# Retail sales tax clearance certificate



## Synergy (Mar 18, 2013)

Is anyone familiar with the retail sales tax clearance certificate requirements?



> Persons who sell their business or business assets, in whole or in part, through a sale in bulk to which the Bulk Sales Act applies, are required to obtain a Clearance Certificate from the Ministry of Finance. A Clearance Certificate certifies that all Retail Sales Tax (RST) collectable or payable by the seller has been paid or secured. It also protects the purchaser from the responsibility for the outstanding RST liabilities of the seller.
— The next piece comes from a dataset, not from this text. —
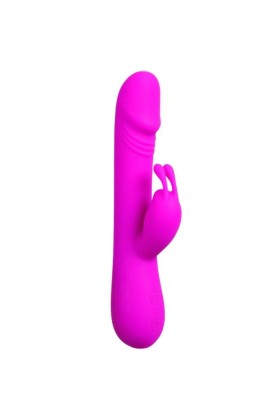 Flirtation Vibrator mit Kaninchen Clement von Pretty Love Flirtation kaufen | Fesselliebe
http://www.fin.gov.on.ca/en/forms/rst/2006.html

Would this still apply if the Seller is a non-registrant (HST)? I'm assuming that this requirement wouldn't apply since the Seller would haver never collected or paid HST to the CRA.


----------



## leslie (May 25, 2009)

no idea


----------



## Synergy (Mar 18, 2013)

I found the answer to my question. The answer is No.

"The requirements apply to sellers who held or who were required to hold a permit under the Retail Sales Tax Act on or before June 30, 2010, as well as to sellers who, at any time after June 30, 2010, hold or are required to hold a permit under the Retail Sales Tax Act."

http://www.fin.gov.on.ca/en/tax/rst/


----------